People walk up the hillside after a snow storm in Kabul, Afghanistan, Feb. 4, 2012.
People walk up the hillside after a snow storm in Kabul, Afghanistan, Feb. 4, 2012.

A report in The New York Times says at least 22 Afghan children, all under the age of 5, have frozen to death in the past month in two refugee camps in the capital, Kabul, after fleeing with their families from Afghanistan's war zones. The newspaper says the dead children include 3-month-old twin girls and a month-old boy.

The report says government officials have sought to "suppress or play down" the deaths. However, The New York Times says the children's deaths have prompted "soul searching among aid workers" who question how children could be dying of something as "predictable and manageable as the cold" in a country that has received tens of billions of dollars in humanitarian aid and international development assistance. Afghanistan is experiencing one its coldest winters in decades, with temperatures reaching far below the freezing point most nights.

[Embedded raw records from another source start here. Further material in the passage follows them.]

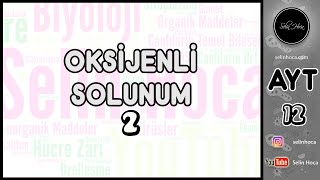 14 Oksijenli Solunum 2 [upl. by Atinahc]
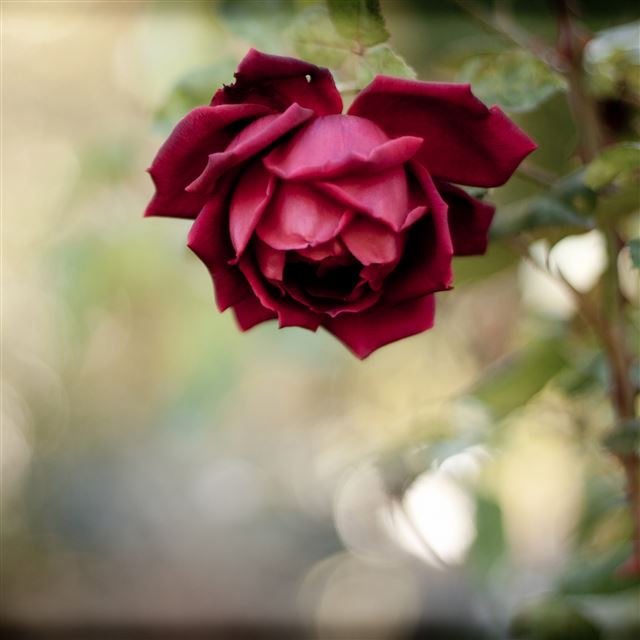 2732x2732 Rose bud red blur -  iPad Pro Wallpaper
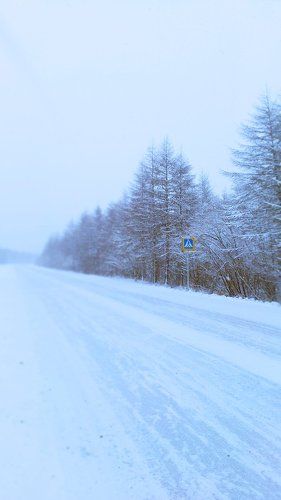 Переход в тайгу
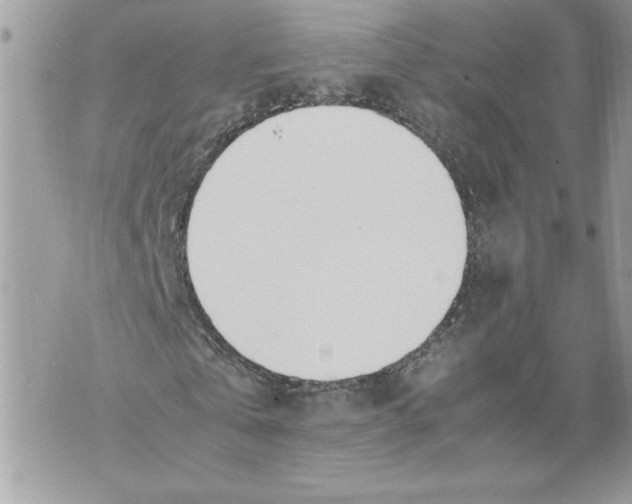 X0000071840769200607290107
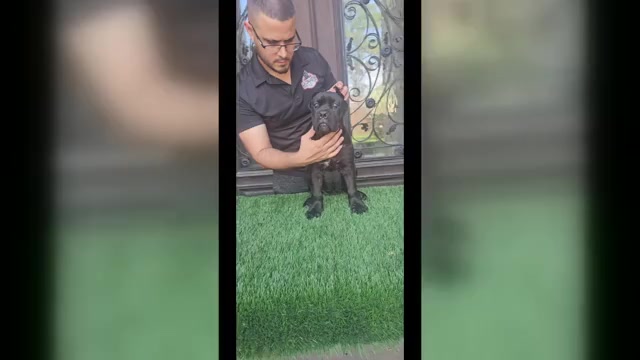 Video preview image #1 Cane Corso Puppy For Sale in HOUSTON, TX, USA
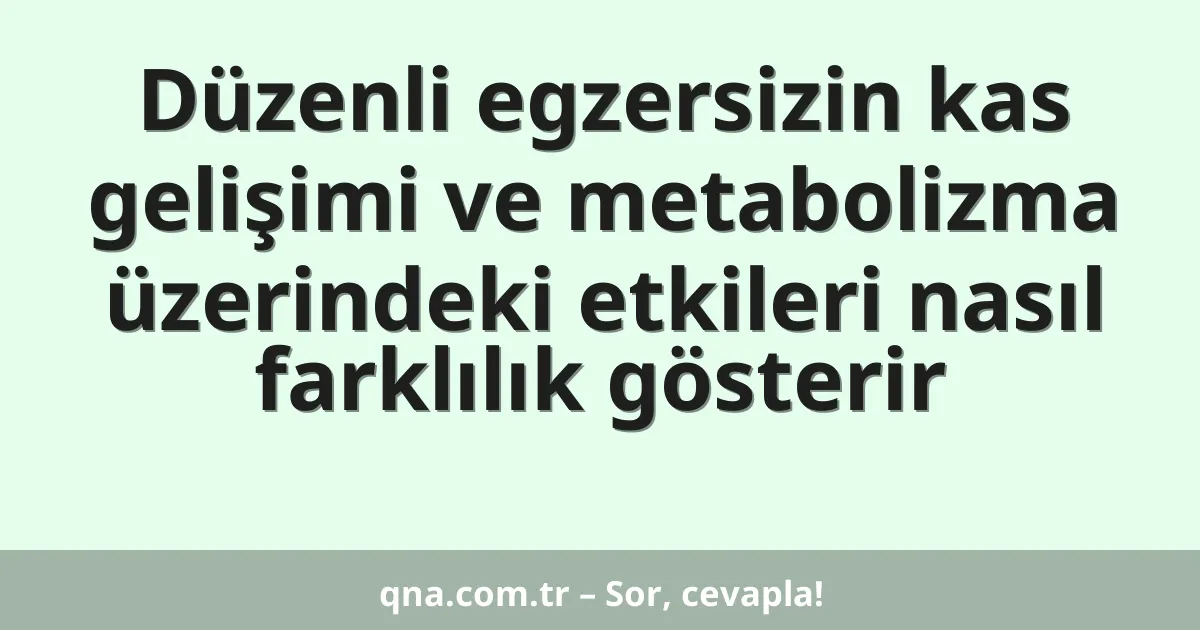 Düzenli egzersizin kas gelişimi ve metabolizma üzerindeki etkileri nasıl farklılık gösterir
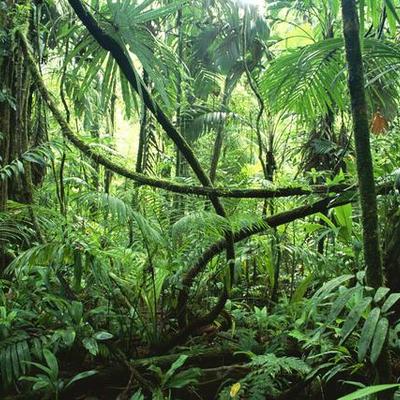 Timeline: The Most Dangerous Game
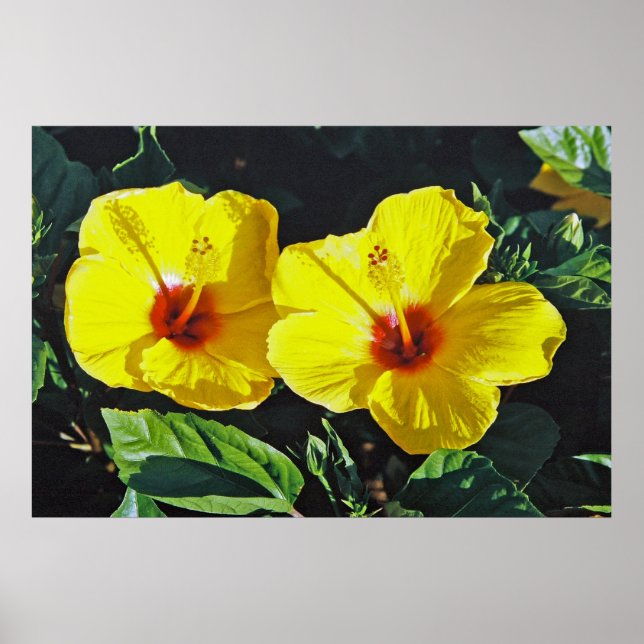 Pôster Dois Hibiscus Amarelo (Frente)
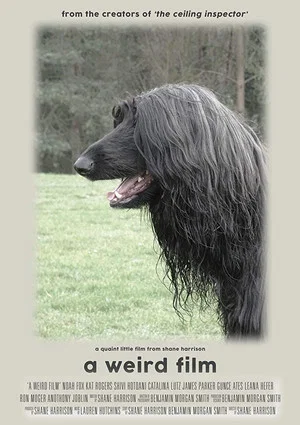 Постер: A Weird Film
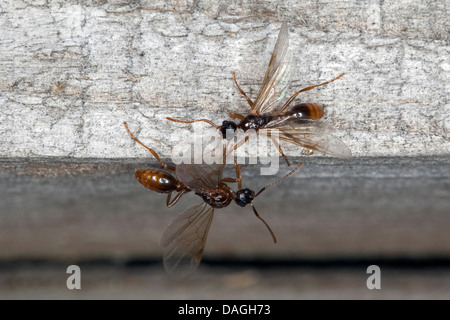 Myrmicine Ameise, Europäische Feuerameise, gemeinsame rote Ameise (Myrmica spec.), geflügelte männlich, Deutschland Stockfoto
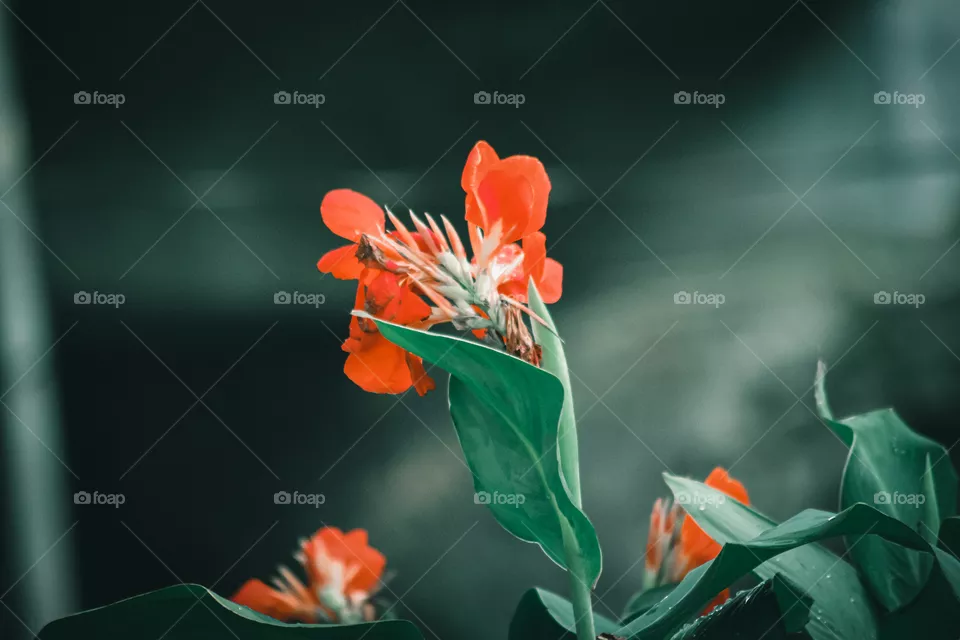 Flower in Jakarta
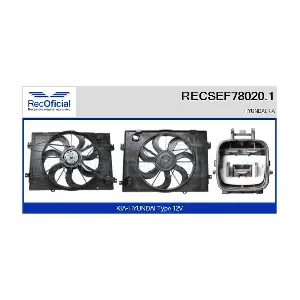 RECSEF78020.1 RECOFICIAL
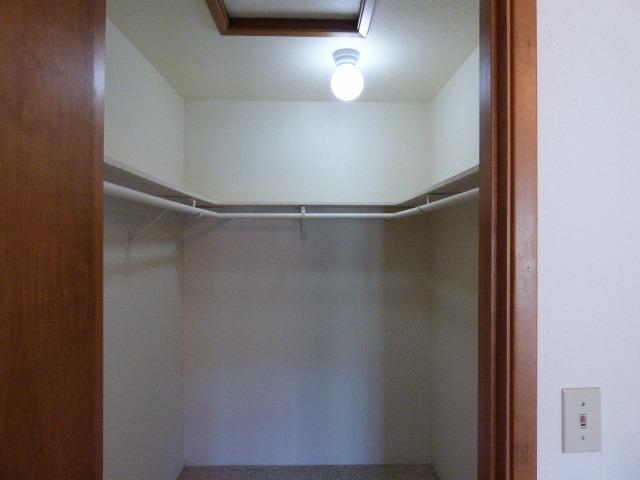 Willow Tree - Residential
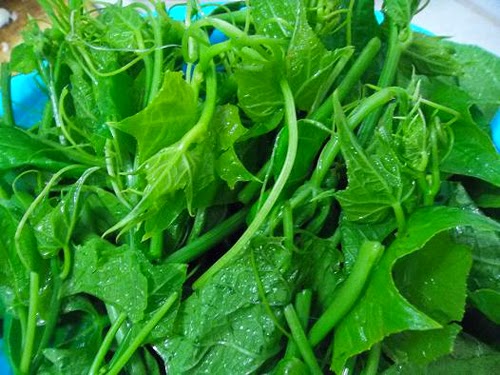 Cách rửa rau để loại bỏ chất gây ung thư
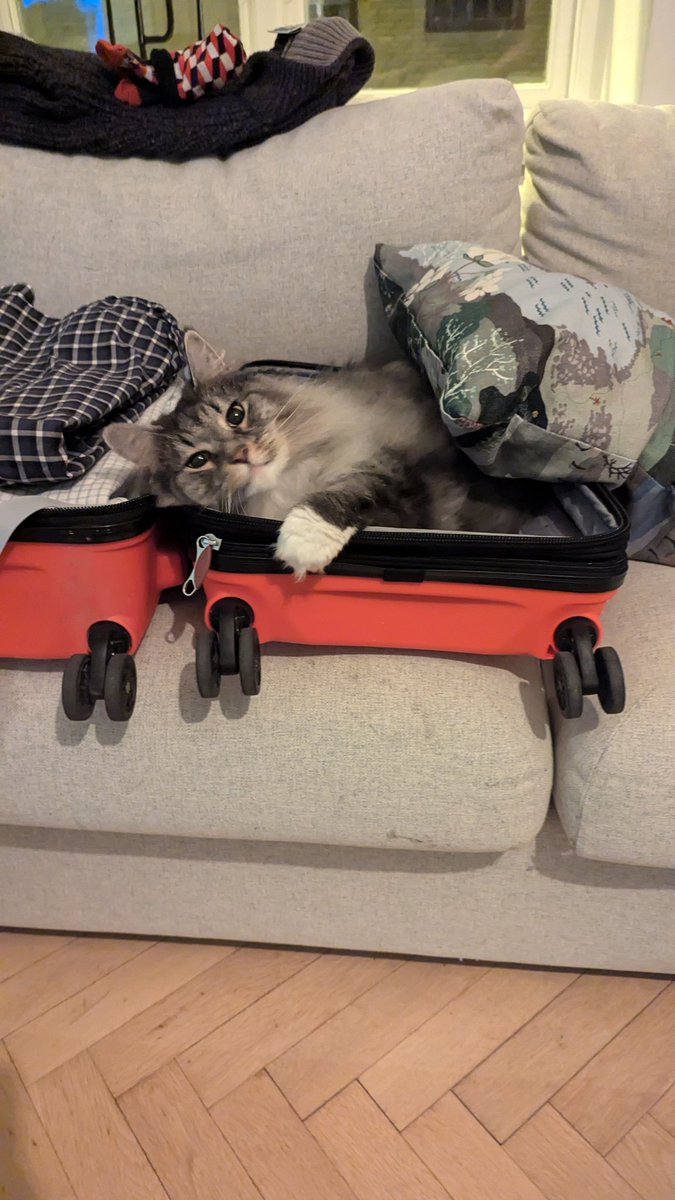 Michael Trotter Ph.D. tweet media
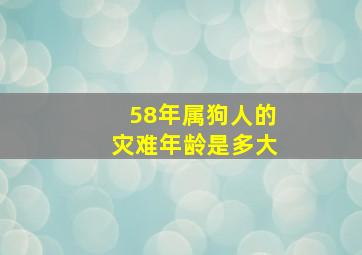 58年属狗人的灾难年龄是多大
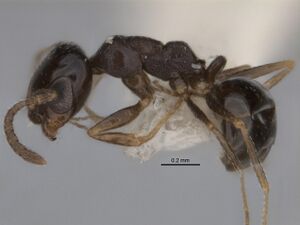 Melophorus microreticulatus minor side ANIC32-900172.jpg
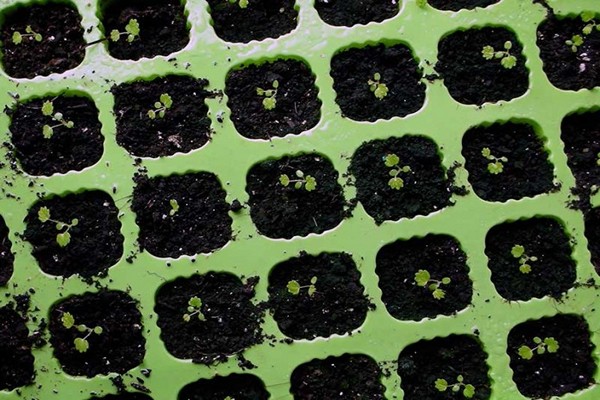 planting blackberry seeds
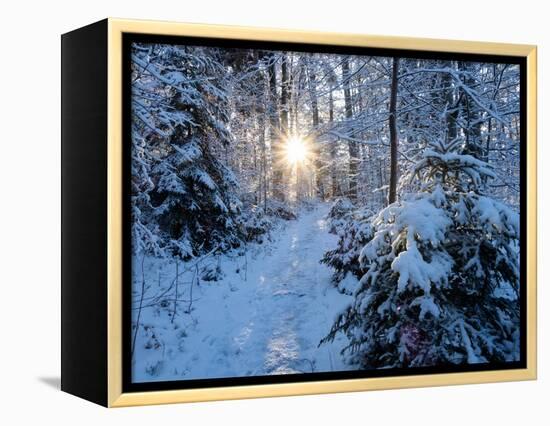 Sun rays in forest covered in snorw Upper Bavaria, Germany-Konrad Wothe-Framed Premier Image Canvas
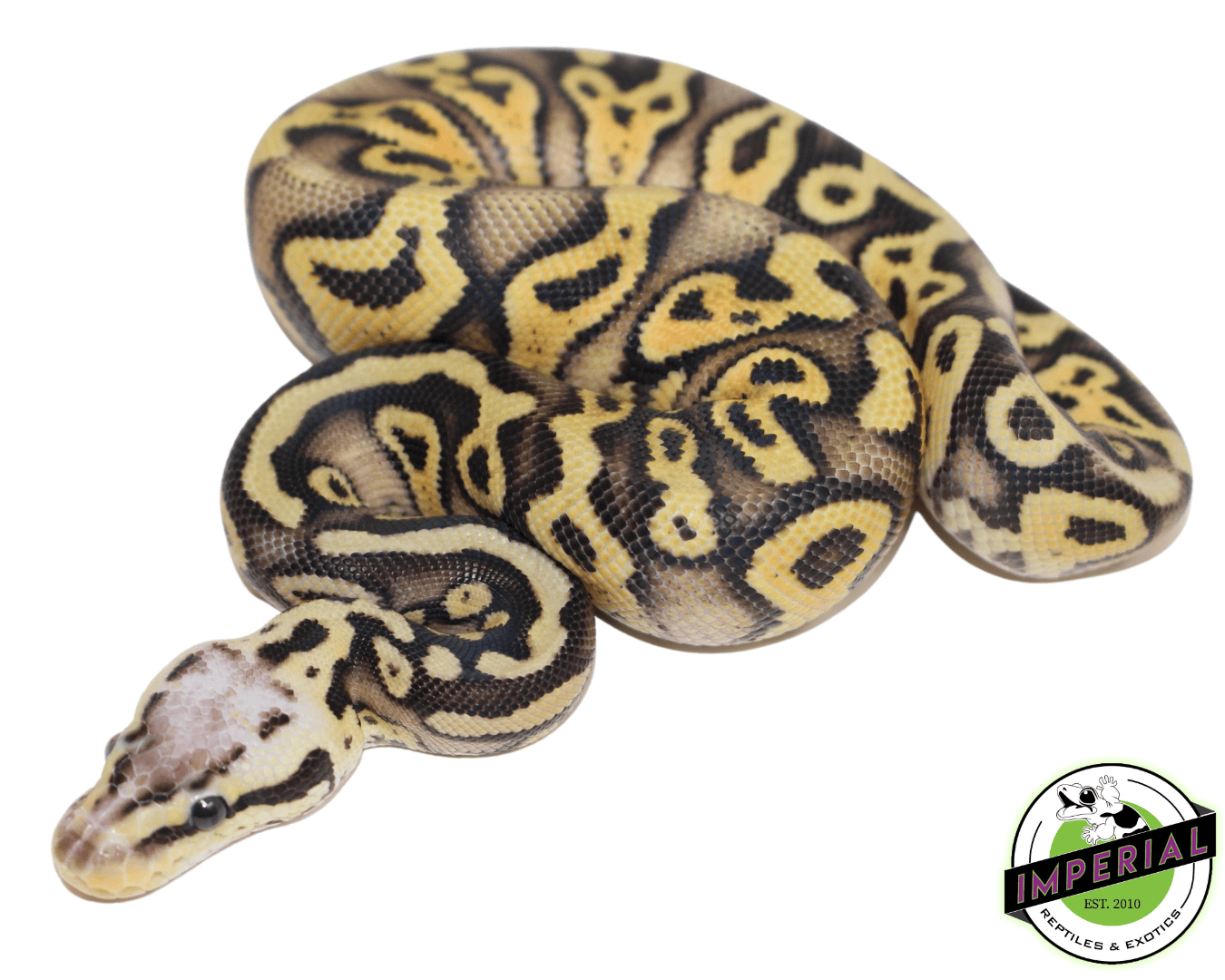 Superfly Gravel Ball Python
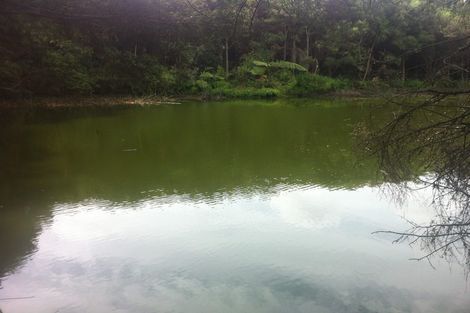 Photo of property in 174 Morrison Road, Pukekawa, Tuakau, 2696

A U.N. official told the newspaper there are 35,000 people in the two Kabul camps without heat or electricity. He said the situation is "a humanitarian crisis."

The Times says the camps do not qualify for development aid because they are viewed as temporary facilities and because "many Afghan officials oppose their presence."

An Afghan aid worker told the newspaper the camp residents do not have access to health care, education, food, sanitation or water. Camp residents say food distribution by the World Food Program stopped last year.

The New York Times reports a French aid group, Solidarities International, has recently surveyed the mortality rates in the camps. The group said the death rate for children under 5 was 144 per 1,000 children, meaning one out of 7 children in the Kabul camps is not living until his or her 6th birthday.